The Challenge
Like many manufacturers in the semiconductor industry, Infineon used the Semi E10 Specification to define their equipment states and accurately measure variability. Tools without chambers and parallel clusters are well defined. But it wasn’t quite suitable for cluster tools with sequential processing, which called for more complex modeling. Therefore, Infineon set out to define a best practice method for defining the state of their sequential cluster tools. To test the viability, they selected a challenging cluster tool, which requires the product to run through multiple chambers in a specific order.

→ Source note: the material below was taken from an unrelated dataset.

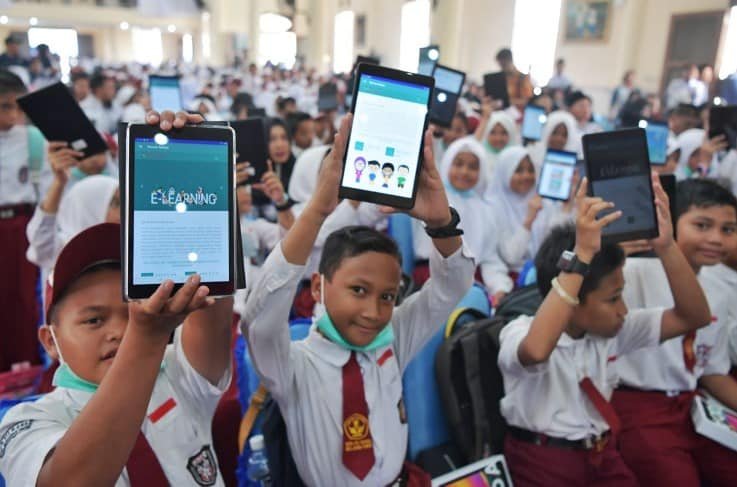 Mengatasi Ketimpangan Pendidikan dengan Aplikasi Manajemen Sekolah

There was inconsistency in how different people defined the state of this machine. Take for example, a case in which the status indicators show three of the six chambers as working and three as idle. Some would consider the machine as 50 percent idle based on the number of chambers working at the time. However, others saw this as 100 percent operational as long as the internal bottleneck kept running. It was challenging to benchmark who was right and who was wrong in deciding the tool state, essentially to answer, ‘What is my real tool availability?’. An inability to benchmark performance has a direct impact on productivity because it leaves factories vague about what to fix or when to fix it. Tools that aren’t benchmarked would miss out on playing out to their full potential.
Infineon was looking to solve for how to calculate availability on sequential cluster tools, across different sites in the company, with one simple code. They decided to implement a number of different strategies and test them using Activity Manager. They used real time equipment states and process times along with other sources to gather the live transaction data from the tools for each cell in the cluster when they went up and down. They easily modeled each strategy using the click and drag interface of Activity Manager and those jobs were automatically run with an Activity Manager job, as shown in figure 1. This data was constantly collected, calculated, and stored in the Infineon database.

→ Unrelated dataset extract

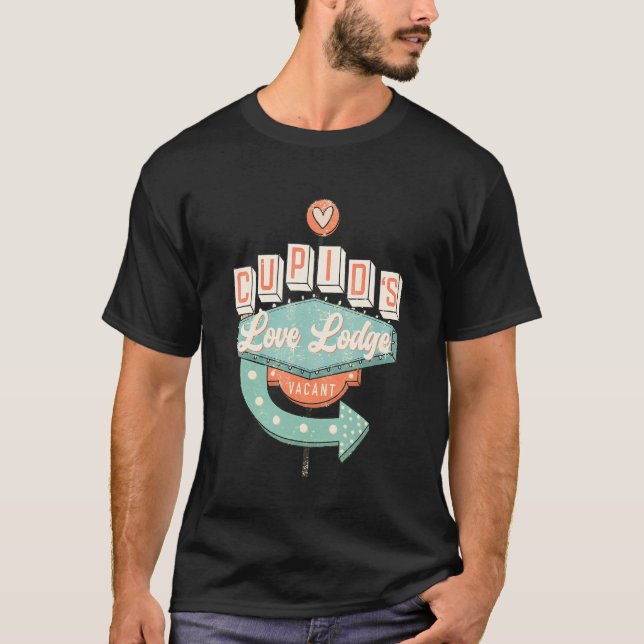 Camiseta Retro Groovy Cupidu2019s Love Lodge Valentineu2019 (Anverso)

Because developing Activity Manager code doesn’t require in-depth expertise in programming, it allowed the subject matter experts to code the different logics themselves without a big IT project. The Infineon team was appropriately equipped to select the best model and easily extend the method across additional company sites. The entire process of testing, implementing, and extending the preferred model to other sites took a very short time, as opposed to the months it would have taken without Activity Manager.
Now, knowing the availability of their sequential cluster tools, Infineon can benchmark against other factories in their company and against the competition. This allows them to better plan moving forward because they know their true performance (and can use it to predict future performance). This ability to benchmark will also help them with capacity modeling, better allocation of resources, and will improve productivity.